## Exercise directions
Below is a listing to write out in full, exactly as given, without its pictures.

## Provided data

⁂

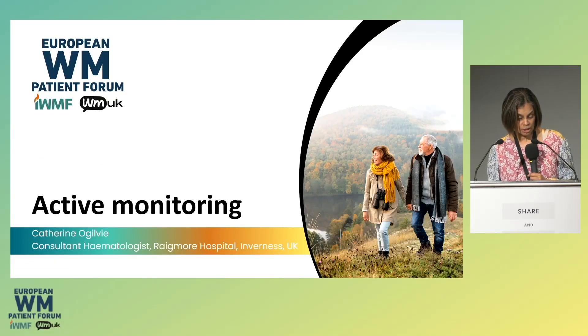I'm going to talk about active monitoring. There's a big effort going on in WMUK at the moment to try and define this and produce a guide for everybody — doctors and patients — to make this more effective. I'm doing this on behalf of Dr Ogilvie from Inverness, who was trapped by the storm in Scotland. She sends her apologies, and we're sorry that she's not here with us.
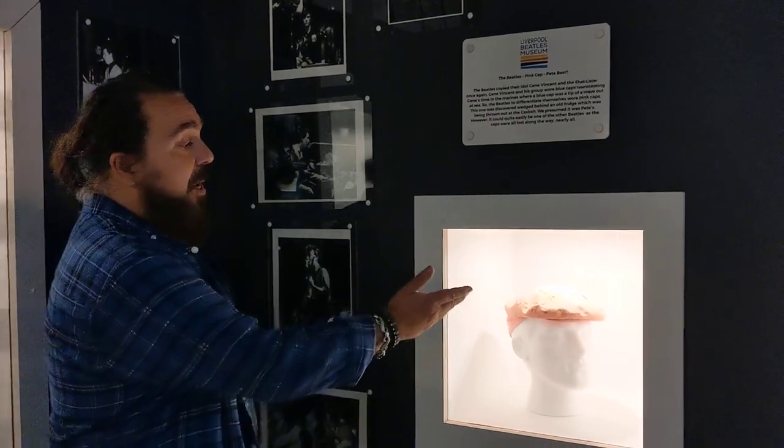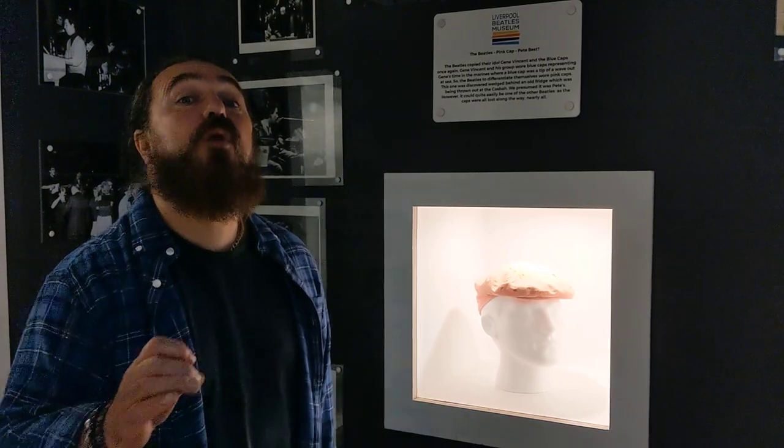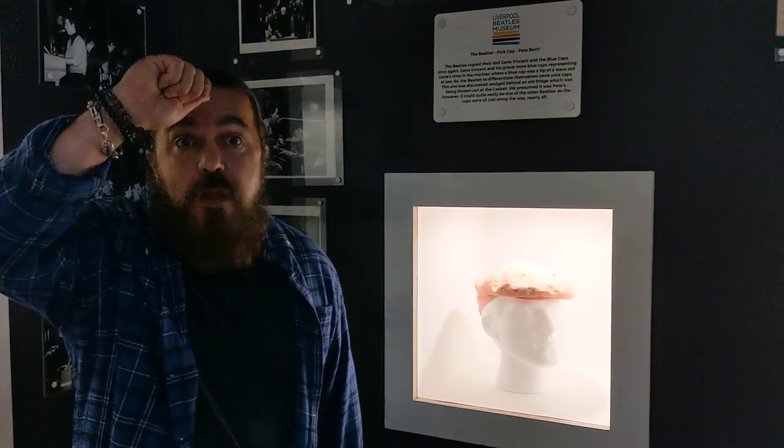For example, this pink cap. The Beatles were copying Gene Vincent's style — Gene Vincent was wearing leather trousers, they were wearing leather trousers. Gene Vincent was wearing a black t-shirt, they were wearing black t-shirts. Gene Vincent was wearing a black leather jacket, they were wearing black leather. Gene Vincent's band wore blue caps. Well, the Beatles didn't want to copy them totally, so they went and got pink caps.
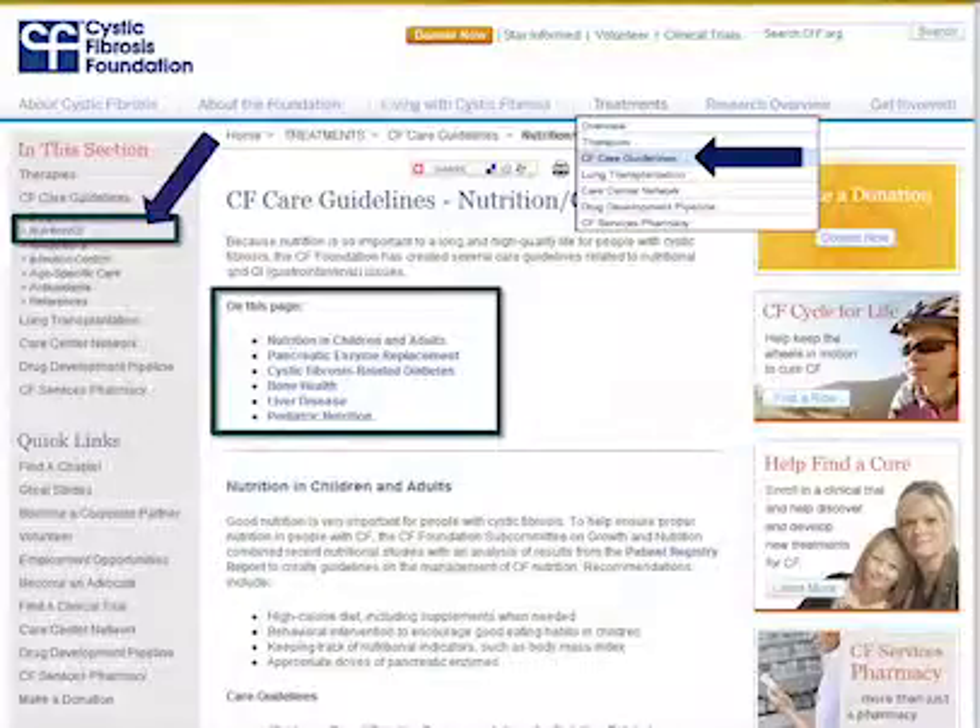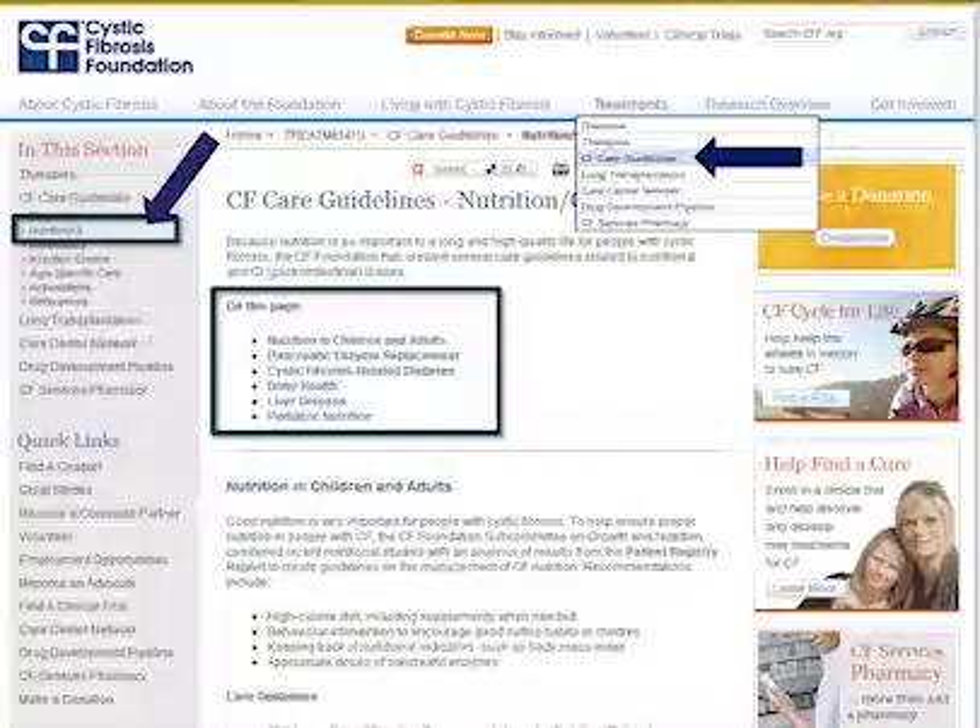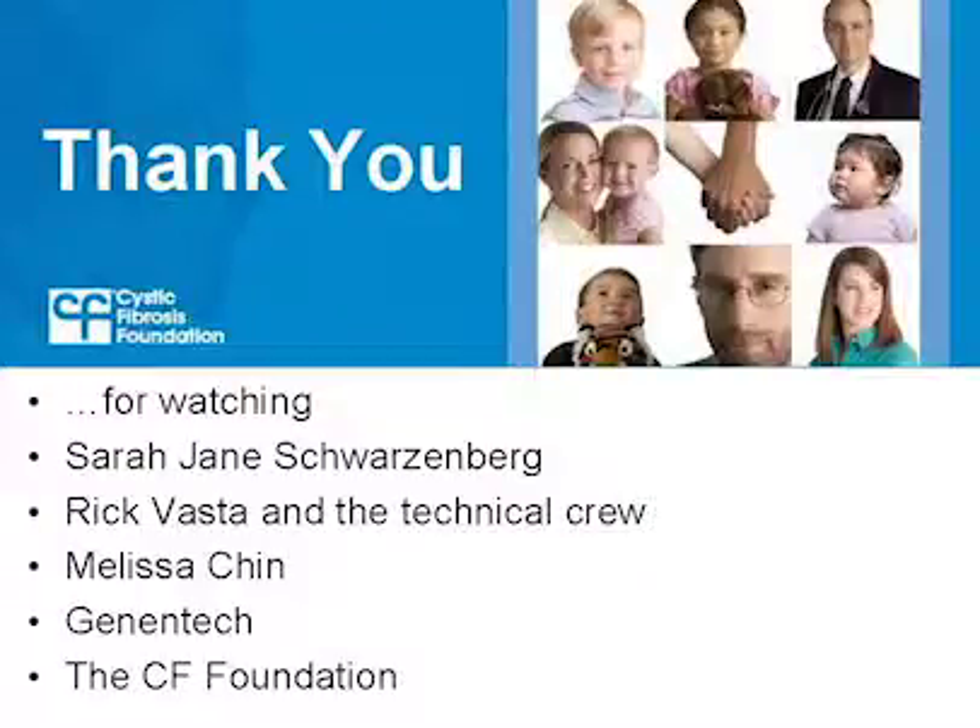Thank you, Sarah Jane, for giving us insight into stomach and pancreas problems in cystic fibrosis. You can learn more about pancreatic enzymes and other information about staying healthy with cystic fibrosis on the Foundation's website under Living with Cystic Fibrosis. You can also read the CF Care Guidelines under Treatments, in the Nutrition and GI section — many of these care guidelines are also published in medical journals. This concludes the CF Education Day webcast. Thank you to Sarah Jane, Rick Vasta and the technical crew, Melissa Chin, Genentech, and the CF Foundation for making this webcast possible.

⁂

## Exercise output
I'm going to talk about active monitoring. There's a big effort going on in WMUK at the moment to try and define this and produce a guide for everybody — doctors and patients — to make this more effective. I'm doing this on behalf of Dr Ogilvie from Inverness, who was trapped by the storm in Scotland. She sends her apologies, and we're sorry that she's not here with us.
For example, this pink cap. The Beatles were copying Gene Vincent's style — Gene Vincent was wearing leather trousers, they were wearing leather trousers. Gene Vincent was wearing a black t-shirt, they were wearing black t-shirts. Gene Vincent was wearing a black leather jacket, they were wearing black leather. Gene Vincent's band wore blue caps. Well, the Beatles didn't want to copy them totally, so they went and got pink caps.
Thank you, Sarah Jane, for giving us insight into stomach and pancreas problems in cystic fibrosis. You can learn more about pancreatic enzymes and other information about staying healthy with cystic fibrosis on the Foundation's website under Living with Cystic Fibrosis. You can also read the CF Care Guidelines under Treatments, in the Nutrition and GI section — many of these care guidelines are also published in medical journals. This concludes the CF Education Day webcast. Thank you to Sarah Jane, Rick Vasta and the technical crew, Melissa Chin, Genentech, and the CF Foundation for making this webcast possible.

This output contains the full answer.